Instructions to follow –
Below are records; please set down exactly the lines from the first through the one containing "DB073不锈钢机箱柜门铰链网络开关控制柜CL127工业机械设备门合页".

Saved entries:
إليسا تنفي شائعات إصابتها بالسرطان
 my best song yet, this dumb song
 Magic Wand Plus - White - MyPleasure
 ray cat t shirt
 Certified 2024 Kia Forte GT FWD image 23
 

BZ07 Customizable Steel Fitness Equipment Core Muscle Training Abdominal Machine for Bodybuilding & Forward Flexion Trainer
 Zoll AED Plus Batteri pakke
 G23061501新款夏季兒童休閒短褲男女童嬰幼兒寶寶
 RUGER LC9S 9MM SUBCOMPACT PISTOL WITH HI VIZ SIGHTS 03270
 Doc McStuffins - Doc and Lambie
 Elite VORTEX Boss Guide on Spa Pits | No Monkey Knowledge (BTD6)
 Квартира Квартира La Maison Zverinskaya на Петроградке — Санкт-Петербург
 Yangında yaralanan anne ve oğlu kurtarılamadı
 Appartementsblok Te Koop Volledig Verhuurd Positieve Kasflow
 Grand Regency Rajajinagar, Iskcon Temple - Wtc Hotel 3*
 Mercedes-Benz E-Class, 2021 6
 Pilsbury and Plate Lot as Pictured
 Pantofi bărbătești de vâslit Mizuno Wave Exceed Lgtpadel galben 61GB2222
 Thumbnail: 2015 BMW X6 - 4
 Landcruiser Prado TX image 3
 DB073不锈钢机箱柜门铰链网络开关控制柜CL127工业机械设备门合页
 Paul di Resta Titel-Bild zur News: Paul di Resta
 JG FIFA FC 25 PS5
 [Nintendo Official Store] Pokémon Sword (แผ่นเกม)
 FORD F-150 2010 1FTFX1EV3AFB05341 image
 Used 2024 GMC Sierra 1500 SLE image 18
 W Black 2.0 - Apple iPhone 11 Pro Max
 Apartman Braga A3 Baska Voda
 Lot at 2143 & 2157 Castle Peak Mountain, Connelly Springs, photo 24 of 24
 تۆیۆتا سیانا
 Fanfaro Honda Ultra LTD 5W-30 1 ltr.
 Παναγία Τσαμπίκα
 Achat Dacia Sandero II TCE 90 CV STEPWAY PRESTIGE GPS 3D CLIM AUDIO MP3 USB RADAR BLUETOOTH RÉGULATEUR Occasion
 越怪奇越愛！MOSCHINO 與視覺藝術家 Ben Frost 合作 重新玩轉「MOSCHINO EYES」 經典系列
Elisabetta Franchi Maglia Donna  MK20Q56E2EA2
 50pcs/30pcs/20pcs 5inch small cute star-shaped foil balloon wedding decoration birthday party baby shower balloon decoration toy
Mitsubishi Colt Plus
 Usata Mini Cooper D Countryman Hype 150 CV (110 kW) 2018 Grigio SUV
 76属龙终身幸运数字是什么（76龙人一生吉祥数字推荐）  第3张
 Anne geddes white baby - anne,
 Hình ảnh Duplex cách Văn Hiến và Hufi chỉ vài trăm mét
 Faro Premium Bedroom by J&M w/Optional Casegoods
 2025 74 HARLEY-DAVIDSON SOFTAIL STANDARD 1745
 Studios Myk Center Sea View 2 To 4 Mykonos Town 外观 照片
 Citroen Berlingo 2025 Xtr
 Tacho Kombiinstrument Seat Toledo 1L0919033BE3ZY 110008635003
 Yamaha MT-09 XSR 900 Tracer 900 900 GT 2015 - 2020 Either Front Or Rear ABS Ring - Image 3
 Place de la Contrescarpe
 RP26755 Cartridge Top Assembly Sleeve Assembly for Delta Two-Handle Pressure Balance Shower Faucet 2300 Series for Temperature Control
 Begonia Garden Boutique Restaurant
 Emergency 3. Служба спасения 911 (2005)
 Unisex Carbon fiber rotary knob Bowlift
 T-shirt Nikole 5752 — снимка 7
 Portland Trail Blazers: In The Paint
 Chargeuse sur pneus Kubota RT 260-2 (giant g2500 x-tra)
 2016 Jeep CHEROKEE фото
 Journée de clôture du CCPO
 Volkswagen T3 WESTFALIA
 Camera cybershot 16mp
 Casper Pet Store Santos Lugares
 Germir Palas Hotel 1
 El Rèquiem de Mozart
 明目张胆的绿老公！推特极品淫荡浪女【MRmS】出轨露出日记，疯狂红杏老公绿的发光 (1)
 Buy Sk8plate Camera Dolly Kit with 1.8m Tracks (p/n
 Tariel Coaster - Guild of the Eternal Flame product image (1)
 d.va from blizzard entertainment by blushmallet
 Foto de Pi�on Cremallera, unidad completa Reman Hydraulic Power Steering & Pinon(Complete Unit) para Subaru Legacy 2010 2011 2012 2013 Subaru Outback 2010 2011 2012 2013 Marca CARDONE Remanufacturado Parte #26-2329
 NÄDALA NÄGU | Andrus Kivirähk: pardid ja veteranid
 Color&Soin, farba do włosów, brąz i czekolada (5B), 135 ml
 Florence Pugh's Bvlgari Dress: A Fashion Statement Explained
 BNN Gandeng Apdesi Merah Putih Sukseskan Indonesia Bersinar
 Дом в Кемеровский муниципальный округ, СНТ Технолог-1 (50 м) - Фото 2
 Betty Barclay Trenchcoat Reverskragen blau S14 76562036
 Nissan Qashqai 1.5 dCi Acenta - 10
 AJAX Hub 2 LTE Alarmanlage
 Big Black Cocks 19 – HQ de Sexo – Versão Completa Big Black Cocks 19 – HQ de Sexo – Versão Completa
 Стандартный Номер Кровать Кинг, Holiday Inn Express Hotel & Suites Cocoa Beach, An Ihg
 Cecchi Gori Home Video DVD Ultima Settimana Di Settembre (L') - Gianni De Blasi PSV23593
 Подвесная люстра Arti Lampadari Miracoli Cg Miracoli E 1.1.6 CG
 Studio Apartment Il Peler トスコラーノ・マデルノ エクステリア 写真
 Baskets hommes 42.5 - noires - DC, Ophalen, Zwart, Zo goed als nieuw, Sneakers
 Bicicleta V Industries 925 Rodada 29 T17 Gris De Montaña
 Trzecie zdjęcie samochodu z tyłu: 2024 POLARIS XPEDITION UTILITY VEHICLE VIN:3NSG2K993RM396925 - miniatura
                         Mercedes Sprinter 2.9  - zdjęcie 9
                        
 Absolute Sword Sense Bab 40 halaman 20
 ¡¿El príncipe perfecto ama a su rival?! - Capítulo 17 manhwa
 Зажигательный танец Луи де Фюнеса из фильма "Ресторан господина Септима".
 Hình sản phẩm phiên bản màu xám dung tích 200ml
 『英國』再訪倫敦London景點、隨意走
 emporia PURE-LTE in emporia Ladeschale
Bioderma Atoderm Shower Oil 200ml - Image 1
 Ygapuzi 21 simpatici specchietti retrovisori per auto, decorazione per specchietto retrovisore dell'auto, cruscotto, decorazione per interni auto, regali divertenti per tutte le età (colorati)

Response –
إليسا تنفي شائعات إصابتها بالسرطان
 my best song yet, this dumb song
 Magic Wand Plus - White - MyPleasure
 ray cat t shirt
 Certified 2024 Kia Forte GT FWD image 23
 

BZ07 Customizable Steel Fitness Equipment Core Muscle Training Abdominal Machine for Bodybuilding & Forward Flexion Trainer
 Zoll AED Plus Batteri pakke
 G23061501新款夏季兒童休閒短褲男女童嬰幼兒寶寶
 RUGER LC9S 9MM SUBCOMPACT PISTOL WITH HI VIZ SIGHTS 03270
 Doc McStuffins - Doc and Lambie
 Elite VORTEX Boss Guide on Spa Pits | No Monkey Knowledge (BTD6)
 Квартира Квартира La Maison Zverinskaya на Петроградке — Санкт-Петербург
 Yangında yaralanan anne ve oğlu kurtarılamadı
 Appartementsblok Te Koop Volledig Verhuurd Positieve Kasflow
 Grand Regency Rajajinagar, Iskcon Temple - Wtc Hotel 3*
 Mercedes-Benz E-Class, 2021 6
 Pilsbury and Plate Lot as Pictured
 Pantofi bărbătești de vâslit Mizuno Wave Exceed Lgtpadel galben 61GB2222
 Thumbnail: 2015 BMW X6 - 4
 Landcruiser Prado TX image 3
 DB073不锈钢机箱柜门铰链网络开关控制柜CL127工业机械设备门合页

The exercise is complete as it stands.